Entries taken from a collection
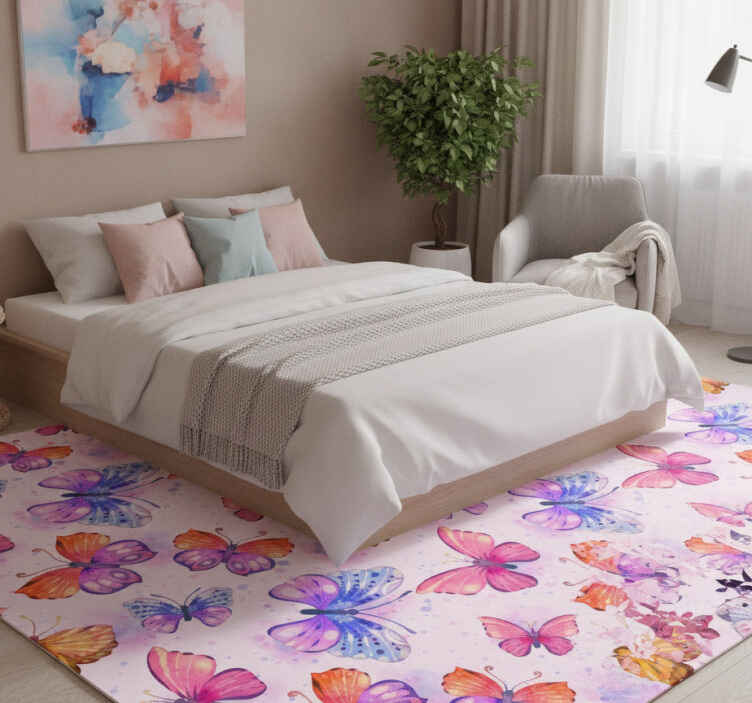 Colorful watercolor purple vinyl rug - TenStickers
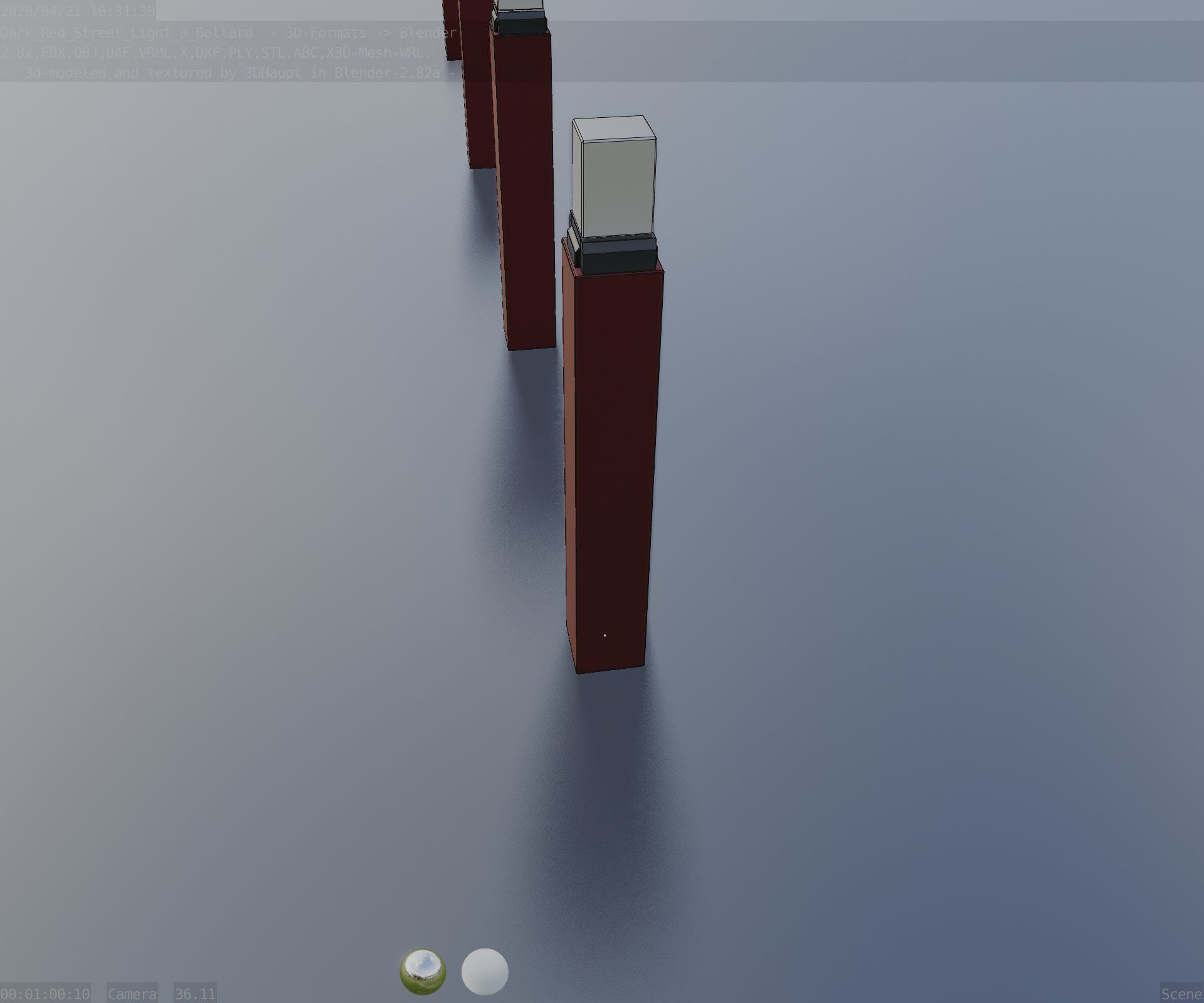 Street Light 8 Bollard 900mm Dark Red Version 6  Low-poly 3D model_49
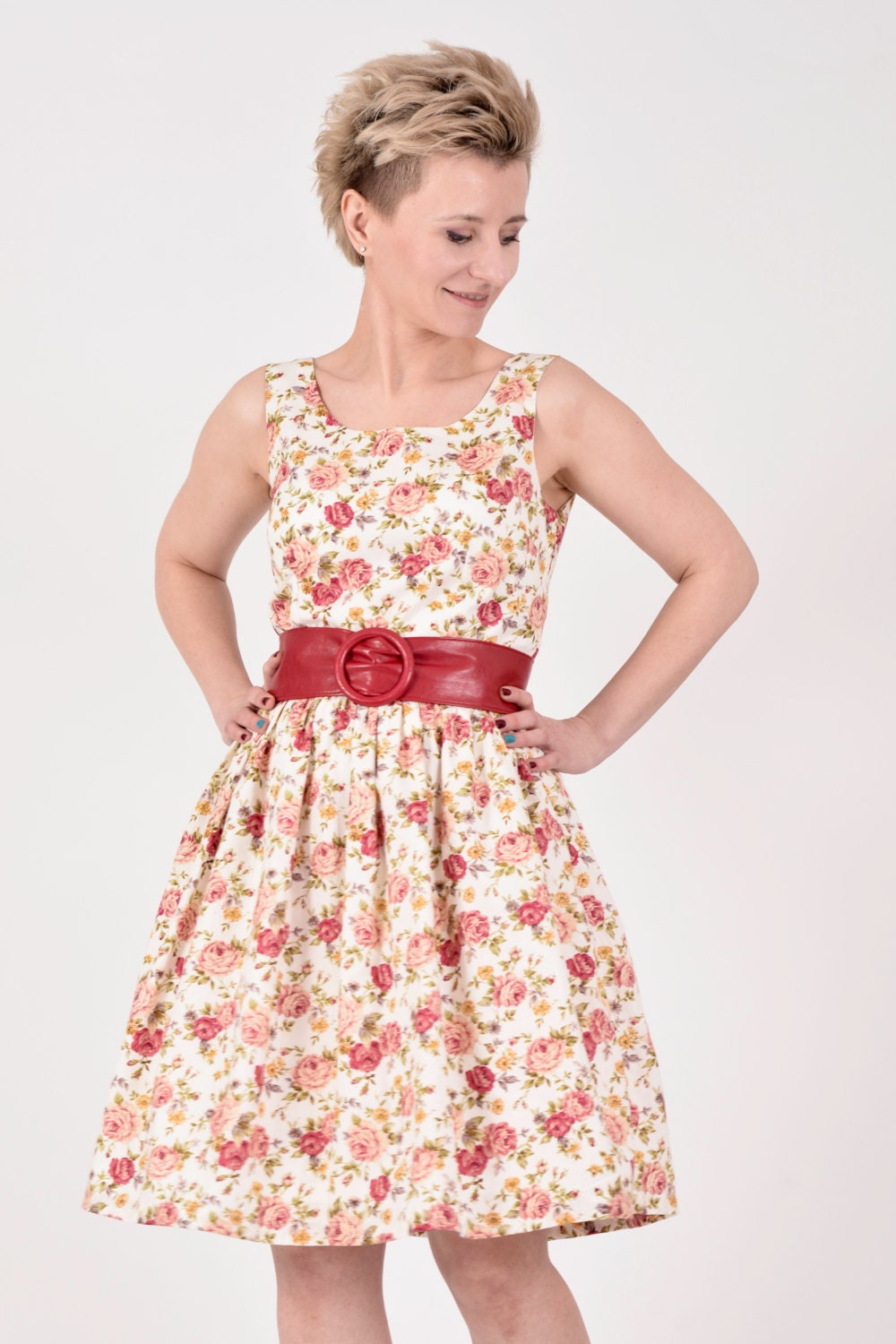 Bridesmaid dress, cotton dress, custom made dress, flower dress, Bouquet of Roses Dress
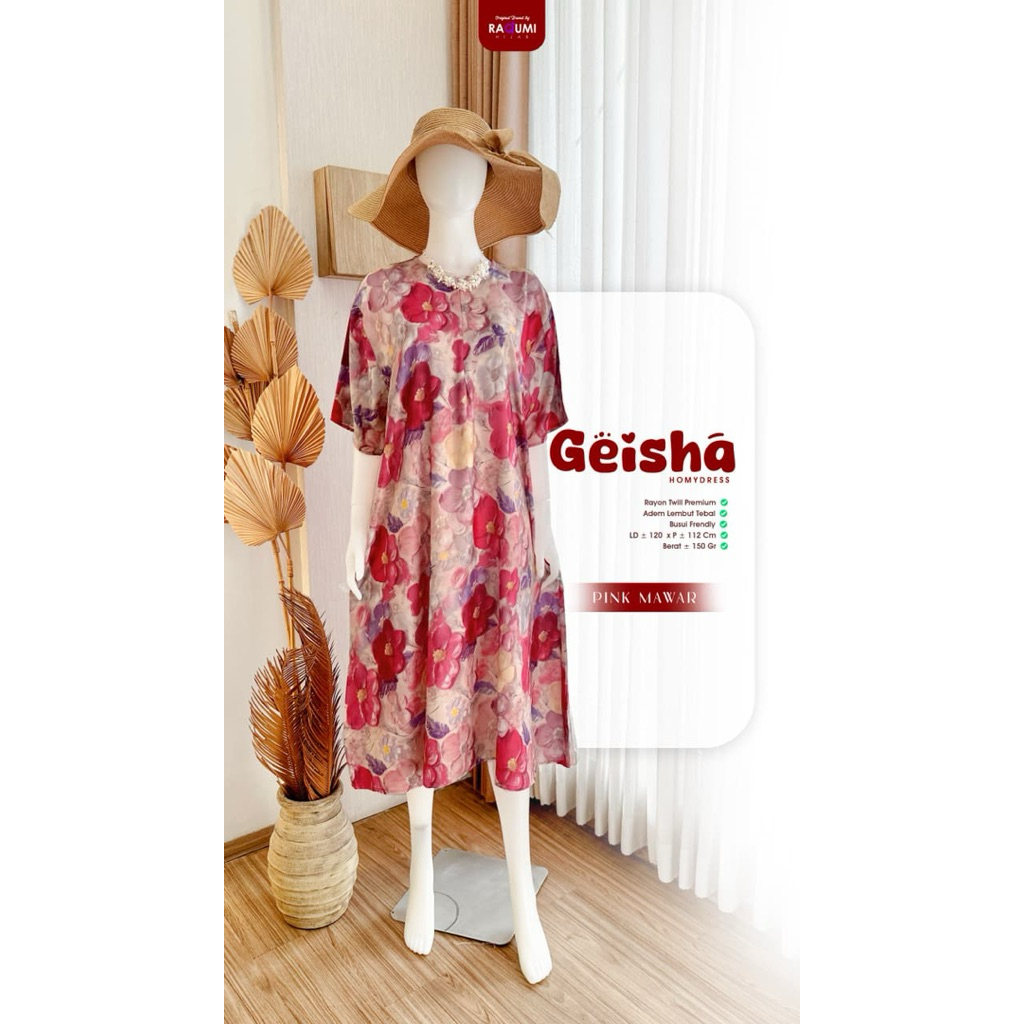 Geisha Homy Dress Rayon Twill Premium Original Raqumi Hijab Daster Geisha Raqumi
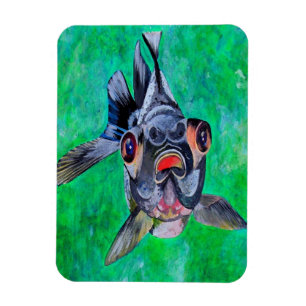 Geeky Blackmoor Goldfish With Telescopic Eyes Magnet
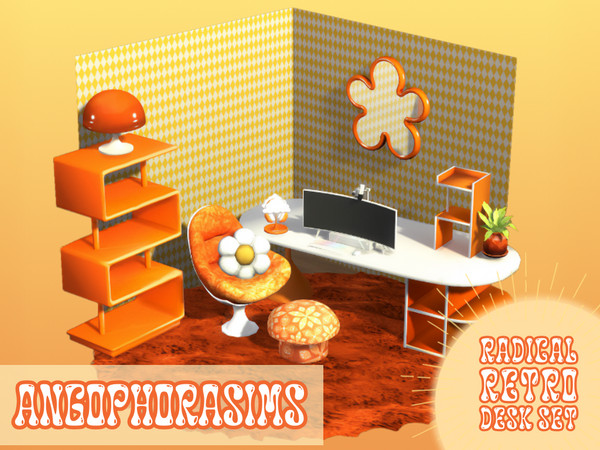 Sims 4 — Radical Research Desk - angophorasims by angophorasims — Set of 10 pieces for a matching colorful (or black and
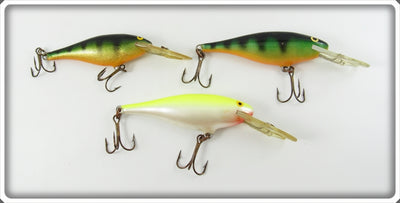 Rapala Perch & Chartreuse Deep Runner Lot Of Three Lures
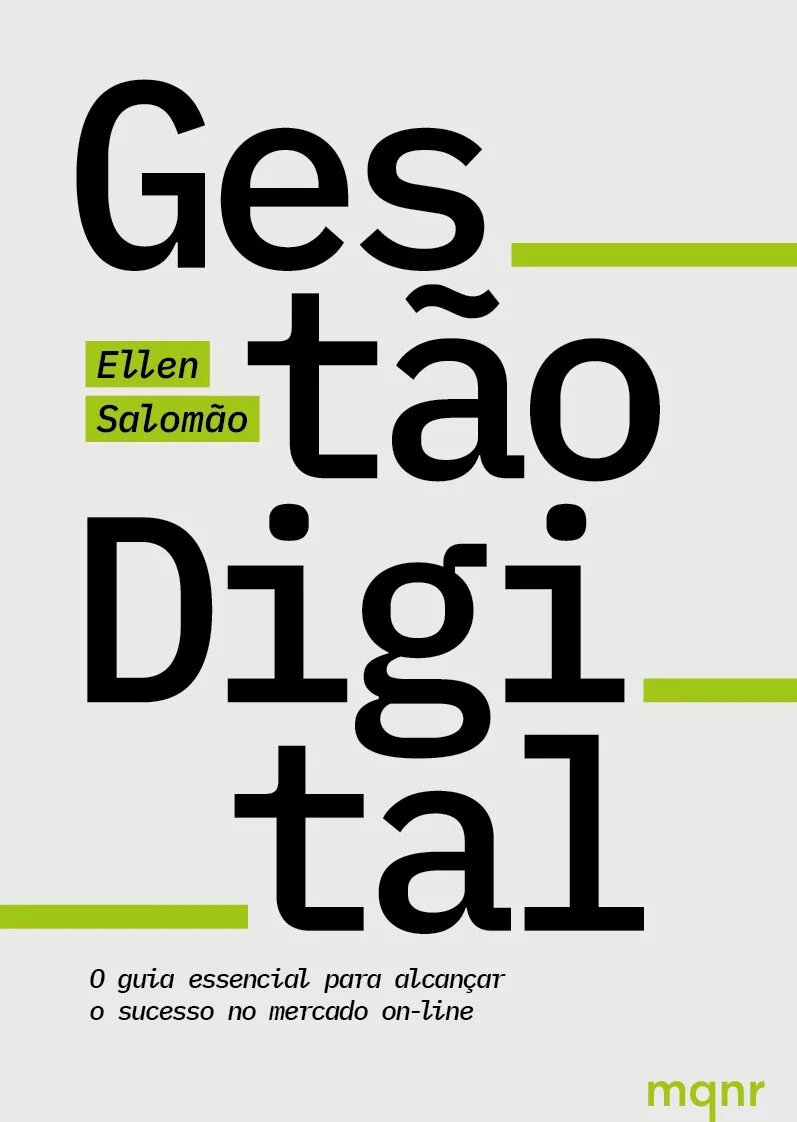 Capa do livro 'Gestão Digital' de Ellen Salomão, com título em destaque e subtítulo em português, fundo cinza claro, letras pretas e detalhes em verde.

▶ _PROBLEM STATEMENT_: Would you print, exactly as they appear, the lines from the line with "Street Light 8" through the end of the entries above, leaving out the pictures?

▶ _WRITTEN ANSWER_:
 Street Light 8 Bollard 900mm Dark Red Version 6  Low-poly 3D model_49
 Bridesmaid dress, cotton dress, custom made dress, flower dress, Bouquet of Roses Dress
 Geisha Homy Dress Rayon Twill Premium Original Raqumi Hijab Daster Geisha Raqumi
 Geeky Blackmoor Goldfish With Telescopic Eyes Magnet
 Sims 4 — Radical Research Desk - angophorasims by angophorasims — Set of 10 pieces for a matching colorful (or black and
 Rapala Perch & Chartreuse Deep Runner Lot Of Three Lures
 Capa do livro 'Gestão Digital' de Ellen Salomão, com título em destaque e subtítulo em português, fundo cinza claro, letras pretas e detalhes em verde.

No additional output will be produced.